On the Tragic Death of Tyre Nichols
Don’t Cry
Don’t shed a tear
The time I shared with you will always be
And when I’m gone, please carry on
Don’t Cry for me
—Song by BeBe and CeCe Winans
“Mommy will miss you,” the mother of Tyre Nichols said while discussing her son’s senseless slaying earlier this month. Here we are again. Tyre Nichols’ tragic death in Memphis, Tennessee, at the hands of state agents, is a familiar narrative in this country. We, as a society, have been here before in our history, and many of us are tired. There have been countless murders of Black men by hands unknown and known, including by rogue vigilantes and members of law enforcement. The names are too numerous to list here on this page, from Emmett Till to Jim Lee Jackson, James Byrd Jr., Sean Bell, Amadou Diallo, Tamir Rice, Trayvon Martin, George Floyd, and now Tyre Nichols. This cannot be reformed. We at AAIHS strenuously condemn the murder of Mr. Nichols. But, we as historians know that we have been here before and that history is a dialogue between past and present. Words can be as violent as actions when prominent historians hurl words in our faces telling us that our approach to understanding history is too activist or presentist.

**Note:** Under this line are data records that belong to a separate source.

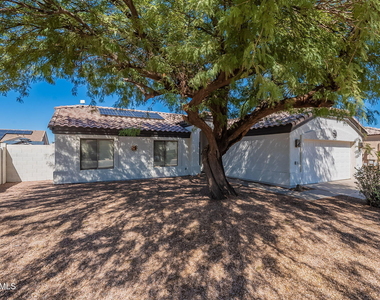 960 W Inca Drive - Photo Thumbnail 1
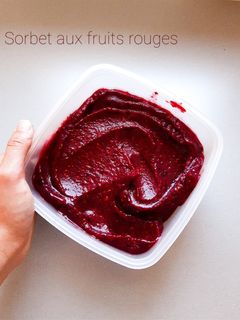 Une photo de Sorbet aux fruits rouges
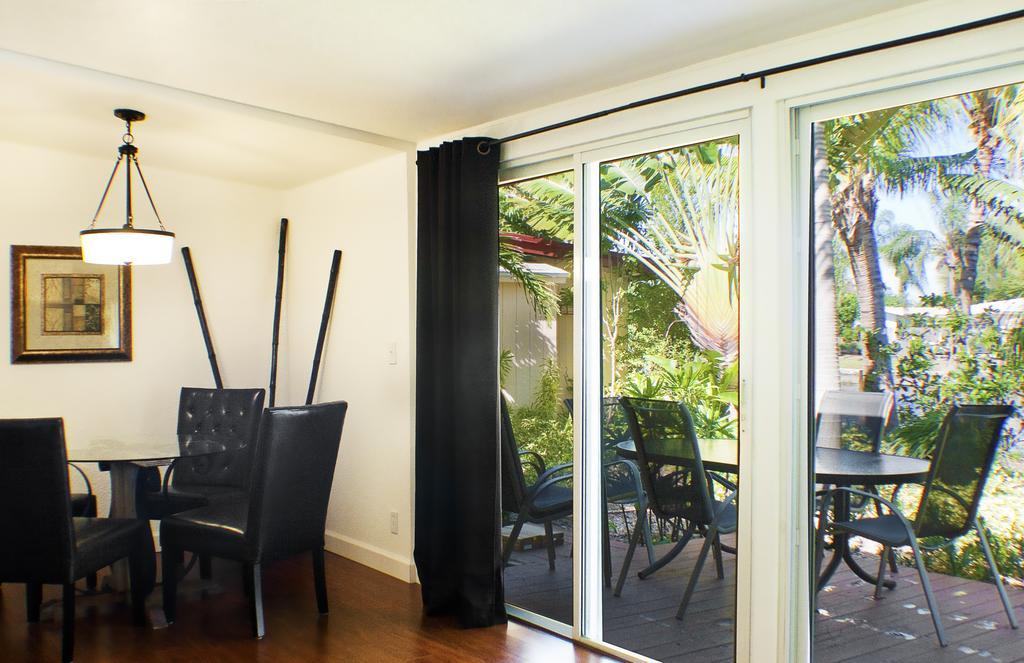 The Cabanas Guesthouse & Spa - Gay Resort Catering To Gay Men Fort Lauderdale Exterior photo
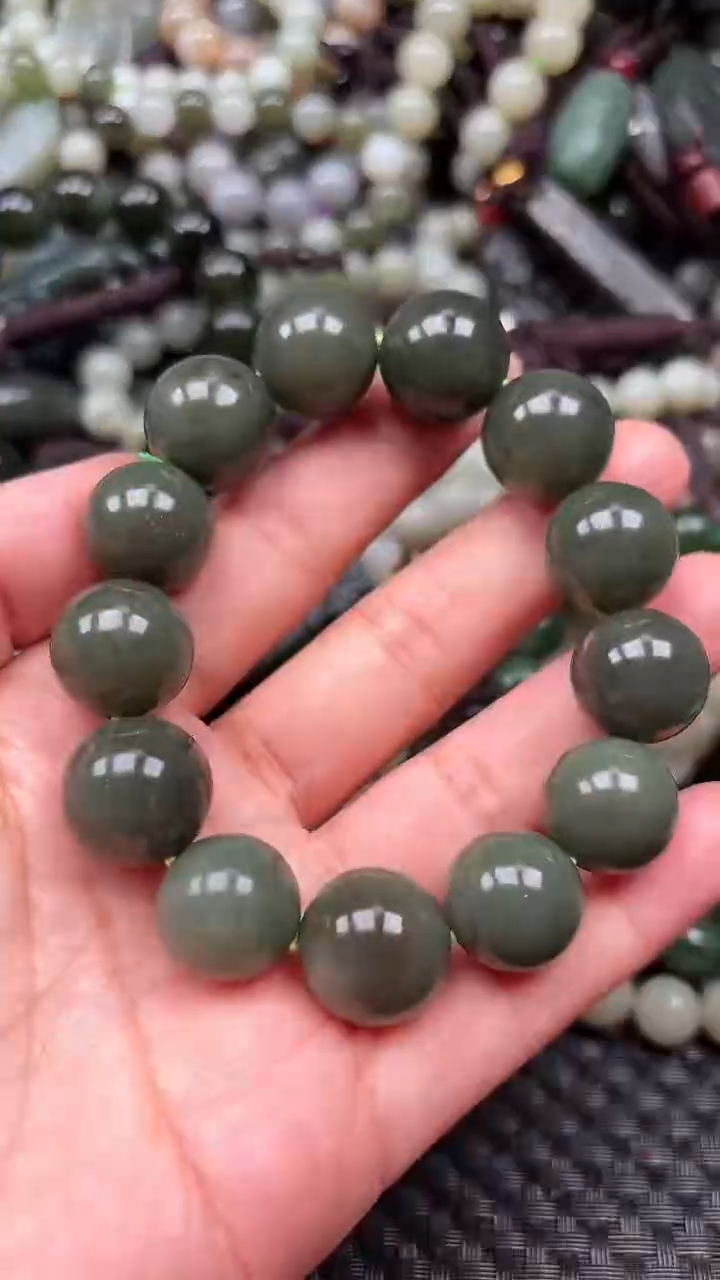 【闪购商品】和田玉颈饰未镶嵌.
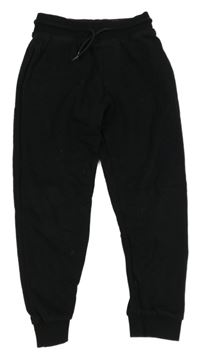 Čierne tepláky Next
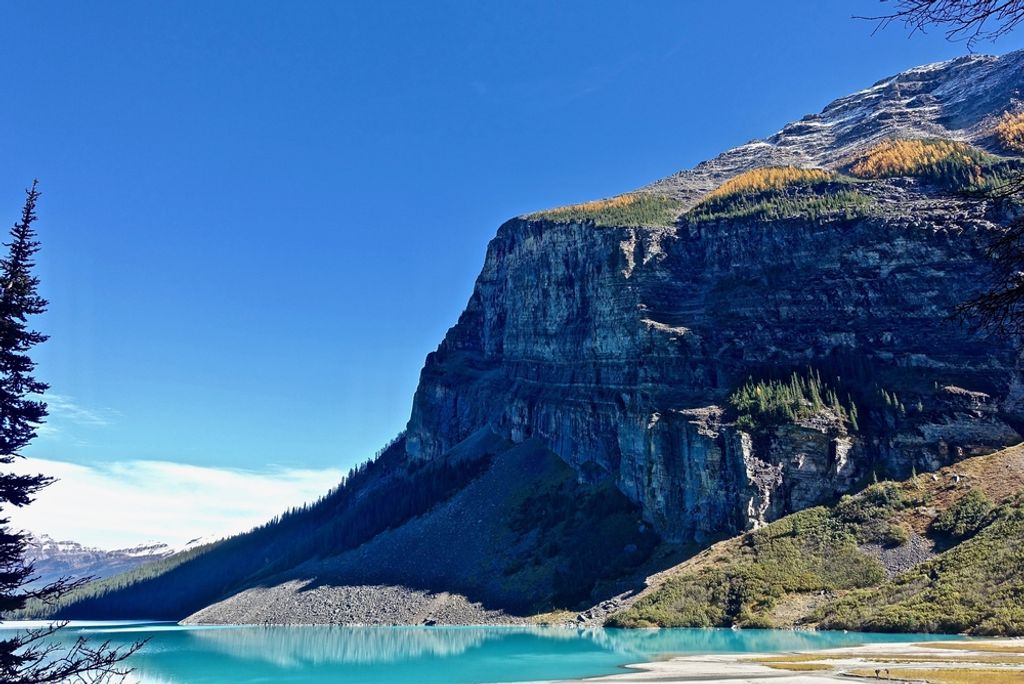 hansepuzzle 45198 - Lake Louise Puzzle, 2000 Teile, Natur, 90,0 x 60,0cm mit hochwertiger Aufbewahrung, Kartonbox und wiederverschließbarem Beutel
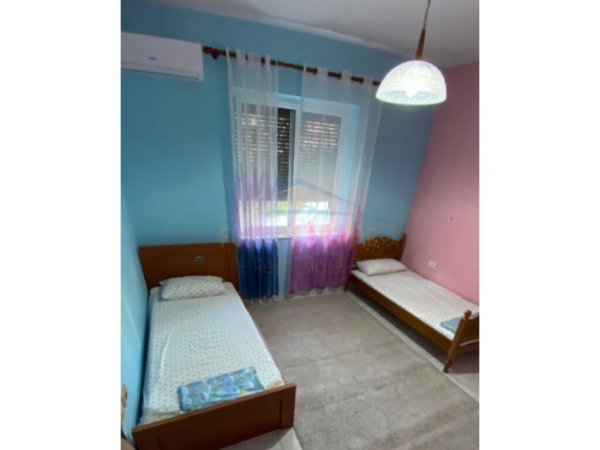 Tirane, jepet me qera apartament 2+1 Kati 1, 400 € (rruga Kongresi i Manastirit)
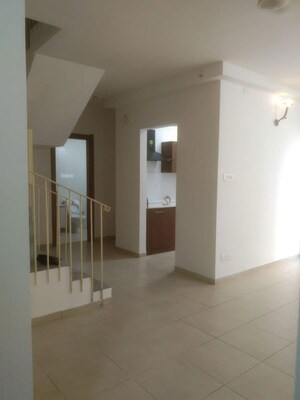 Room in 2 BHK Apartment at Bhartiya Nikoo Homes, Thanisandra Main Road – for Rent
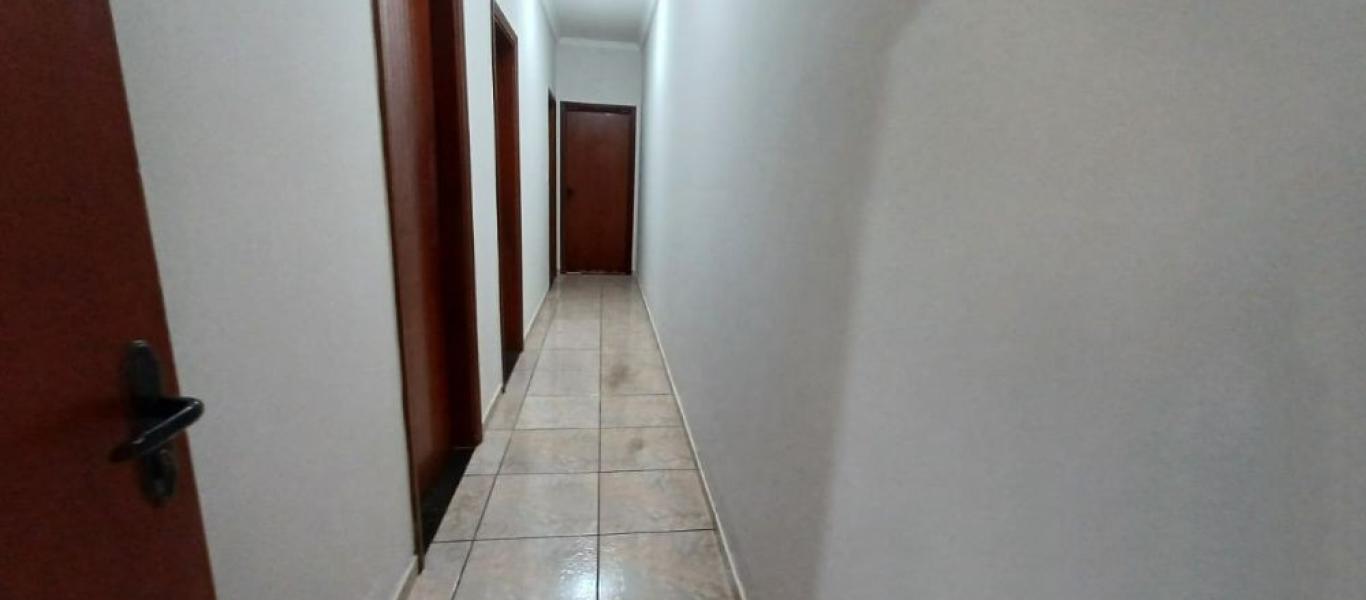 CASA NA Vila Xavier em Assis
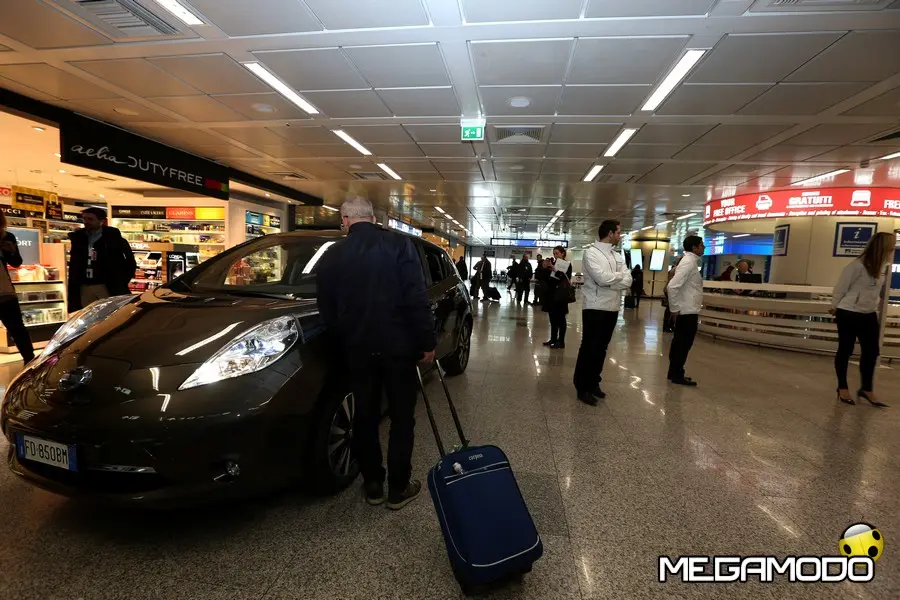 Nissan Leaf, la mobilità elettrica apre nuove rotte in aeroporto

Hale Woodruff’s “By Parties Unknown,” a woodcut on paper rendering, comes to mind here when thinking of the brutality visited upon the Black body past and present. This 1935 work by Woodruff depicts a man dressed in torn clothing, lying prone, with his hands bound behind his back, upon a doorstep. Woodruff created this work during the height of the Harlem Renaissance amid a high point of lynching in America when Black civil rights activists, including the activist and historian W.E.B. Du Bois, were beseeching the U.S. government to enact a law against lynching. This piece by Woodruff appeared in one of the earliest art exhibitions focused on racial violence in America, and it is now recognized as part of his “Selections from the Atlanta Period, 1931-1946.” Black intellectuals, civil rights organizations, and culture workers continuously implored the U.S. government to end the practice of extralegal violence against African Americans during the Harlem Renaissance and beyond. Unfortunately, the Emmett Till Antilynching Act (a law that makes lynching a federal hate crime) did not pass until 2022 and has not ended the extralegal violence against African Americans. Woodruff’s bound man lying prone on a doorstep is representative of the many broken Black bodies who had their lives snuffed out too soon. The doorstep is symbolic of this nation. America, you have a problem.
It has been nearly a century since Woodruff debuted his work of art, and we are still stuck in this holding pattern of the changing same. Mr. Nichols called for his mother, as did George Floyd. And we are calling for an END to the violence that has been leveled against African Americans by parties known and unknown. We call for the passage of the George Floyd Justice in Policing Act. We can no longer allow state agents to get away with senseless violence, murder, and mayhem.